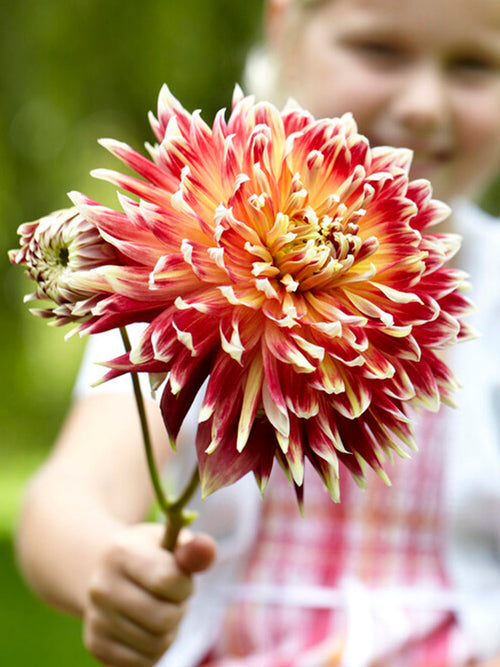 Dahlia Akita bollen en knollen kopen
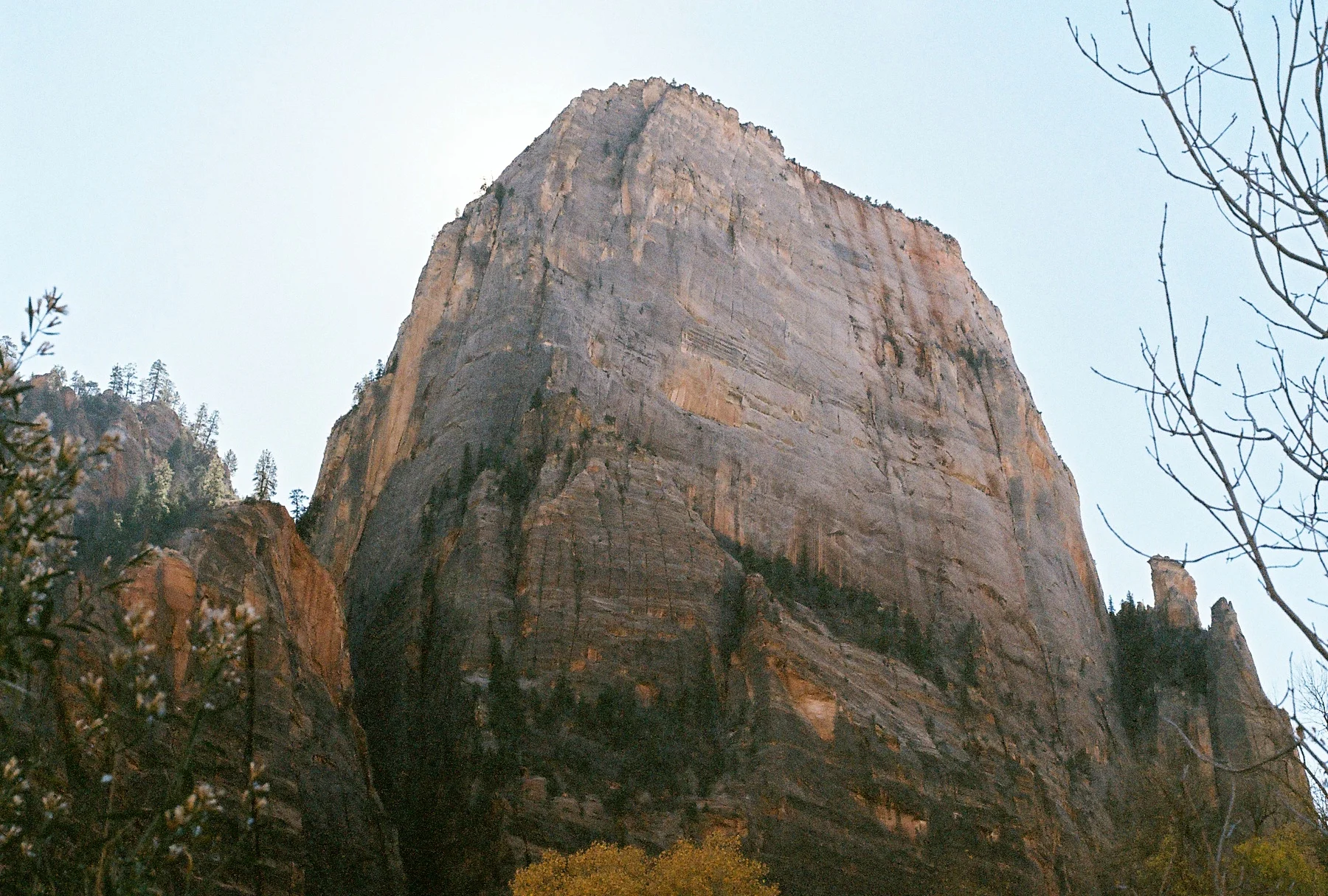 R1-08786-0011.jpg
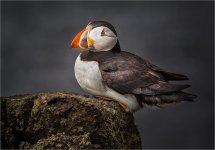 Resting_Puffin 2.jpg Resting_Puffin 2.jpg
- - - - - - -
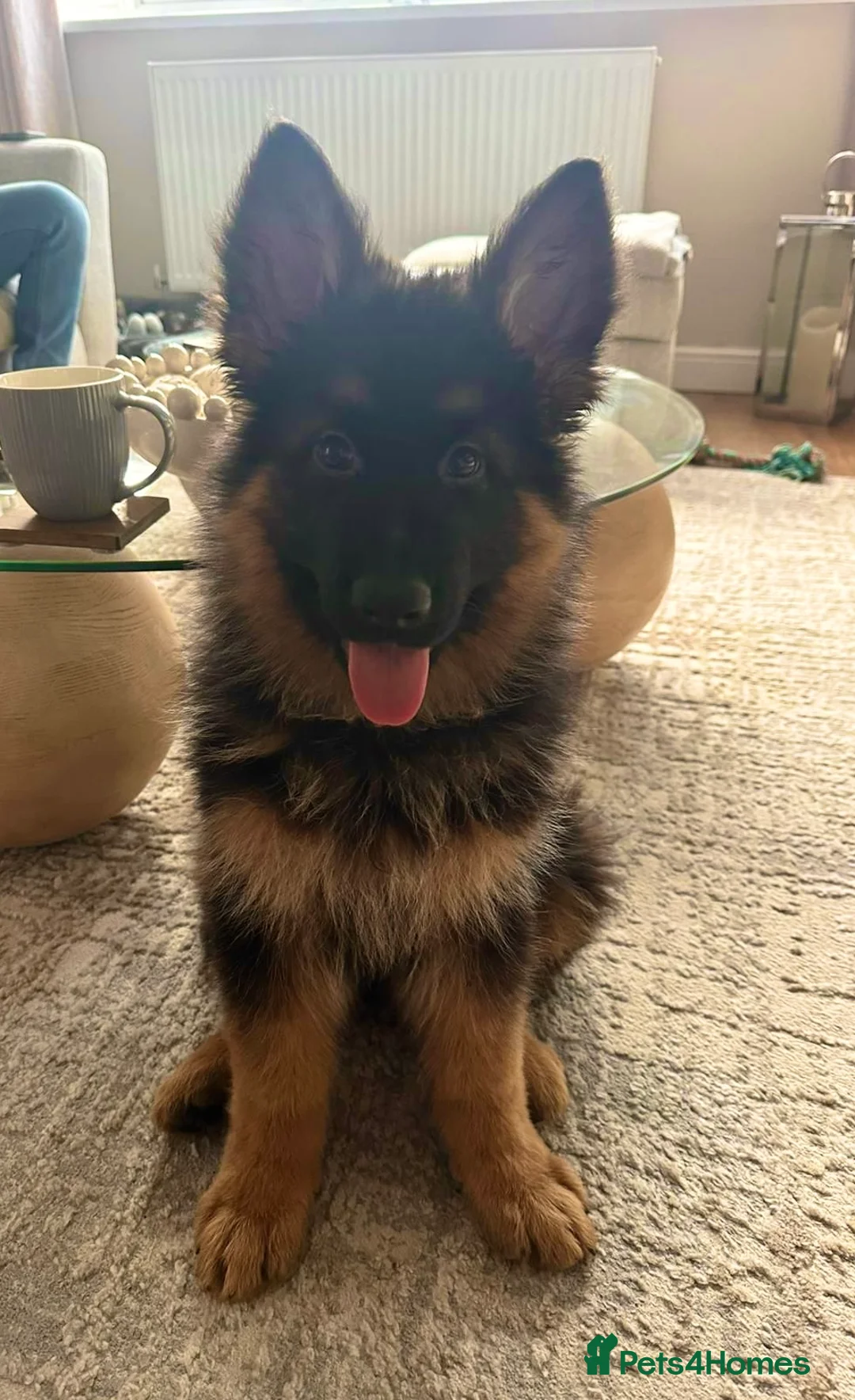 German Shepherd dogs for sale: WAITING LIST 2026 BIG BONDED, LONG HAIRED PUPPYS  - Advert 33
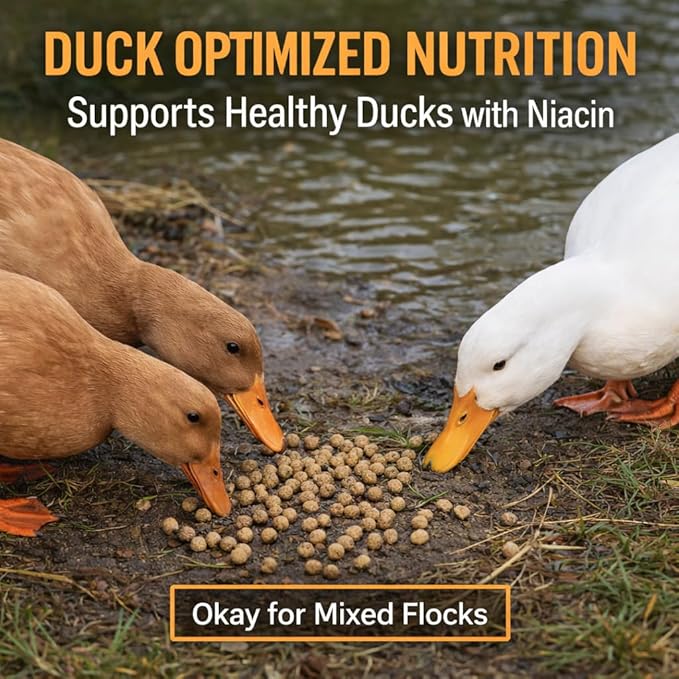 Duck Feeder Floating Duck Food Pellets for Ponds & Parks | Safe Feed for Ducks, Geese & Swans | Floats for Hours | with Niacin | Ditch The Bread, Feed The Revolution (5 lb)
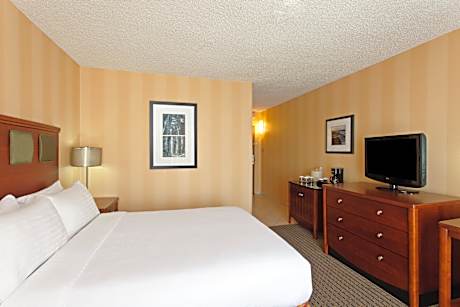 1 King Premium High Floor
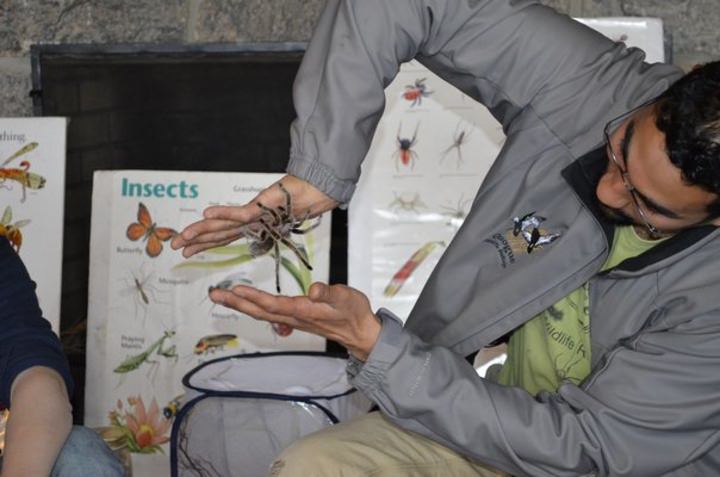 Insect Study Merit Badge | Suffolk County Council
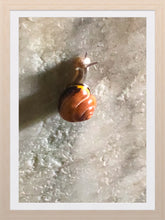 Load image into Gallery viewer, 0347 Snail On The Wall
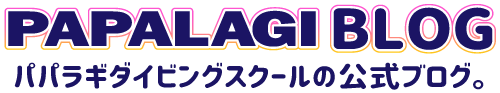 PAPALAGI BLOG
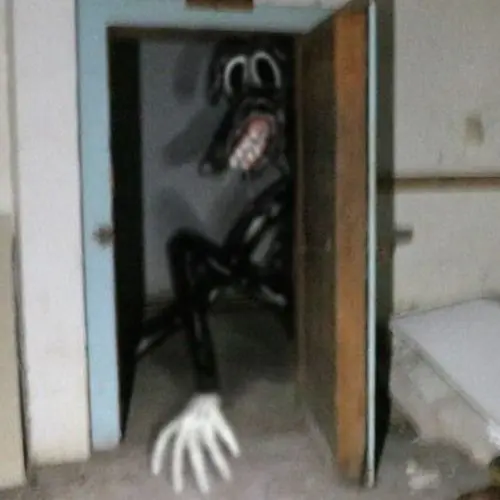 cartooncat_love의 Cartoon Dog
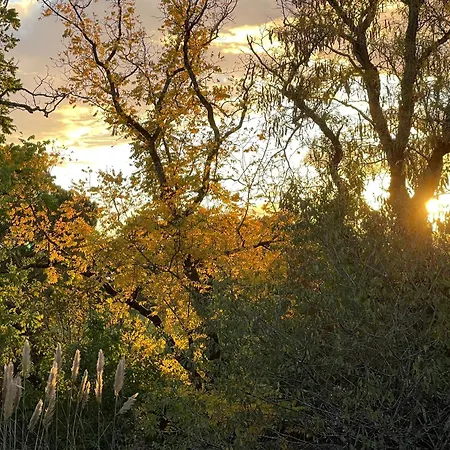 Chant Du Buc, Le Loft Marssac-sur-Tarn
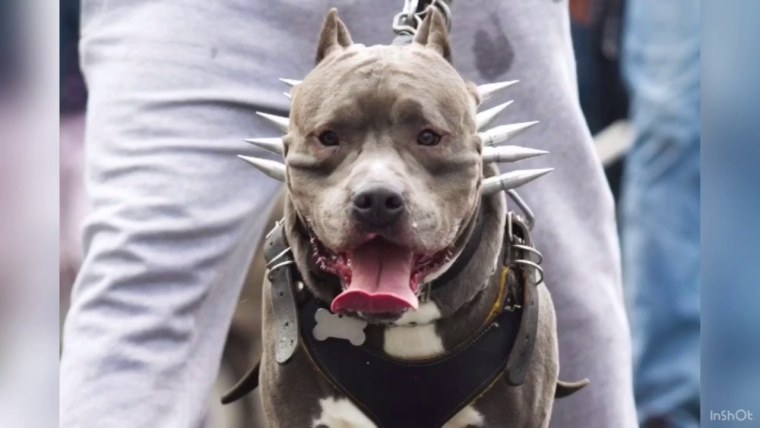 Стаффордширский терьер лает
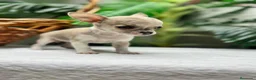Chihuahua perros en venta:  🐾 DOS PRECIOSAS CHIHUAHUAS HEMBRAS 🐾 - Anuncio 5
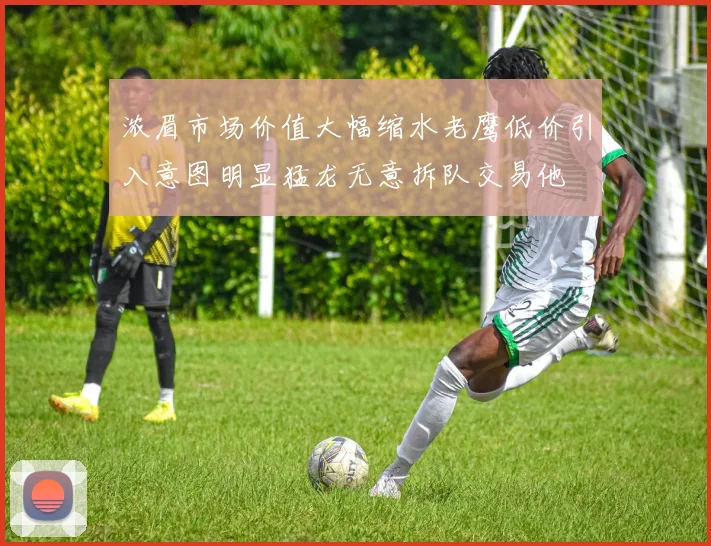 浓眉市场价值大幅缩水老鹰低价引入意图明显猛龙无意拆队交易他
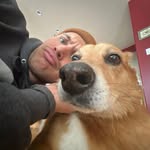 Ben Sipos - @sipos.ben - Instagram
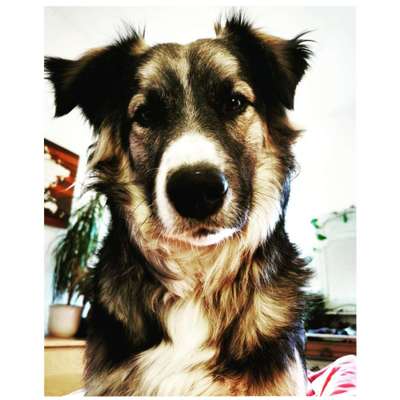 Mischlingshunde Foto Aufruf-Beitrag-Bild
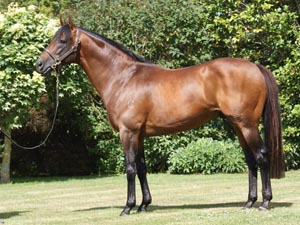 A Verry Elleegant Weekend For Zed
- - - - - - -
From the entries above, copy exactly the lines starting at the one with "German Shepherd dogs" and stopping at the one with "Insect Study Merit", keeping both ends. Drop the pictures.

 German Shepherd dogs for sale: WAITING LIST 2026 BIG BONDED, LONG HAIRED PUPPYS  - Advert 33
 Duck Feeder Floating Duck Food Pellets for Ponds & Parks | Safe Feed for Ducks, Geese & Swans | Floats for Hours | with Niacin | Ditch The Bread, Feed The Revolution (5 lb)
 1 King Premium High Floor
 Insect Study Merit Badge | Suffolk County Council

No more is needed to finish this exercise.